The subject of this course is the historical development of relations diplomatic and otherwise between the Ottoman Empire and the European Powers. Special attention will be paid to scholarly and cultural contacts and reciprocal influences between the West and the Islamic Middle East. The perception of the “other” in the two cultural zones will be central to the discussions. Emphasis will be laid on the interpretation of travel literature in its widest sense as produced both in Europe and the Ottoman Empire. Concomitant topics will be political, military, commercial, diplomatic and cultural relations between European states and the Ottoman Empire and their development in time. The bilateral character of these relations will be emphasized, and an Ottoman-centered approach – instead of the more common European-centered one – will be adopted.

Course objectives

Course objectives are acquiring insight into some of the main themes which played an important role in the bi-lateral relations between Europe and the Ottoman Empire, which was part of a, in many respects, different world in which Islam was a dominant factor. The student will be trained to take notice of the differences between western and eastern (Islamic) cultures and to abandon a dominantly Europe-centered approach and imagine oneself in the position of human beings living in a different culture.



Mode of instruction

  • Seminar

Attendance and participation are obligatory. Classes missed for a good reason (to the discretion of the conveners and to be discussed BEFORE the class takes place) will have to be made up with an extra assignment. Being absent without notification can result in a lower grade or exclusion from the term end paper and a failing grade for the course.

Course Load

The course load is 10 ECTS equal to 280 hours.

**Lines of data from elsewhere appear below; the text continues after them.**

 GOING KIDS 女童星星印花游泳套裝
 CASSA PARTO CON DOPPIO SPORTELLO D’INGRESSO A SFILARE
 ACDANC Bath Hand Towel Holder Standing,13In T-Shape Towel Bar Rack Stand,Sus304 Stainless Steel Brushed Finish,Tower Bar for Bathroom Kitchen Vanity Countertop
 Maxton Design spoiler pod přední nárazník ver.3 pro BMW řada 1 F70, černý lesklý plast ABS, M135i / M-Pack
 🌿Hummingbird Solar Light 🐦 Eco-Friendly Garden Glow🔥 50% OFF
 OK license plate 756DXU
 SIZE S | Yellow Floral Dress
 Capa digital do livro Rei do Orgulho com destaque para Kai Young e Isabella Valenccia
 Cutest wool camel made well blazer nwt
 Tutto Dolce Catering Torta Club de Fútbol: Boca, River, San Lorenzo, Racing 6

  • Hours spent on attending the seminar: 2 hours per week x 13 weeks = 26 hours

  • Time for studying the compulsive literature: 2000 pages : 20 per hour = 100 hours

  • Time for composing a presentation: 19 hours

  • Time to write the term paper: 135 hours

Assessment method

The final mark of this course will be composed of the following elements:

  • Active participation in group discussions and presentations (40%)

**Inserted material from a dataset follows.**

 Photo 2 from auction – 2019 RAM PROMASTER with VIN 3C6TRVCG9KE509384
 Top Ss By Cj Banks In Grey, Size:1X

  • 5,000-word essay (term paper) (60%). A printed draft version is to be presented and discussed during the course (=second presentation); the feedback given by the instructor and fellow students must be integrated into the final version.

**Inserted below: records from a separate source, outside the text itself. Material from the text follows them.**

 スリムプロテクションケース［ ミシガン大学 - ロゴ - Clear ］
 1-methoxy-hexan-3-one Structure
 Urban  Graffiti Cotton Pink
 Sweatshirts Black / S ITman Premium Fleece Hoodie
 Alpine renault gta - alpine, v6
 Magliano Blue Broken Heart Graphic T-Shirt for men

In order to pass the course, students must obtain an overall mark of 5.50 (=6) or higher. A new version of the final assignment (60%) may be written if the overall mark for the course is “5.49” (=5) or lower. If students take this option, they must choose an alternative topic. They will not be permitted to resubmit the same paper. The deadline for this version will be determined in consultation.

The course is an integrated whole. All assessment parts must be completed in the same academic year. No partial marks can be carried over into following years.



Reading list

Will be made available to the students at the beginning of the course


Students are required to register through uSis. To avoid mistakes and problems, students are strongly advised to register in uSis through the activity number which can be found in the timetable in the column under the heading “Act.nbr.”.

Not being registered, means no permission to attend this course. See also the ‘Registration procedures for classes and examinations’ for registration deadlines and more information on how to register.


Dhr. dr. J. Schmidt.


Students with disabilities

The university is committed to supporting and accommodating students with disabilities as stated in the university protocol (especially pages 3-5). Students should contact Fenestra Disability Centre at least four weeks before the start of their courses to ensure that all necessary academic accommodations can be made in time conform the abovementioned protocol.

Academic Integrity

Students are expected to be familiar with Leiden University policies on plagiarism and academic integrity. Plagiarism will not be tolerated. If you submit any work with your name affixed to it, it is assumed to be your own work with all sources used properly indicated and documented in the text (with quotations and/or citations).